If wheels for your platform or Python version aren't available or you want to develop, you'll need to install `pybbi` from source. The source distribution on PyPI ships with (slightly modified) kent utils source, which will compile before the extension module is built.

Requires
- Platform: Linux or Darwin (Windows Subsystem for Linux seems to work too)
- pthreads, zlib, libpng, openssl, make, pkg-config
- Python 3.6+
- `numpy` and `cython`

For example, on a fresh Ubuntu instance, you'll need `build-essential`, `make`, `pkg-config`, `zlib1g-dev`, `libssl-dev`, `libpng16-dev`.

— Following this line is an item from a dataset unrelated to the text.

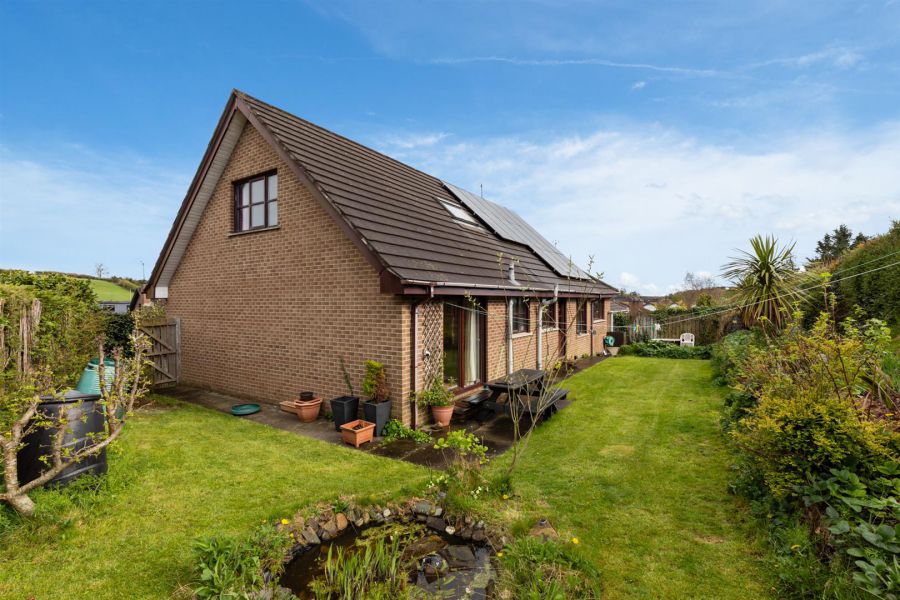 16 Rowallane Dale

On a Centos/RedHat (rpm) system you'll need `gcc`, `make`, `pkg-config`, `zlib-devel`, `openssl-devel`, `libpng-devel`.

On a Mac, you'll need Xcode and to `brew install pkg-config openssl libpng`.

For development, clone the repo and install in editable mode:

```
$ git clone https://github.com/nvictus/pybbi.git
$ cd pybbi
$ pip install -e .
```

You can use the `ARCH` environment variable to specify a target architecture or `ARCHFLAGS` on a Mac.

### Notes

Unfortunately, Kent's C source is not well-behaved library code, as it is littered with error calls that call `exit()`. `pybbi` will catch and pre-empt common input errors, but if somehow an internal error does get raised, it will terminate your interpreter instance.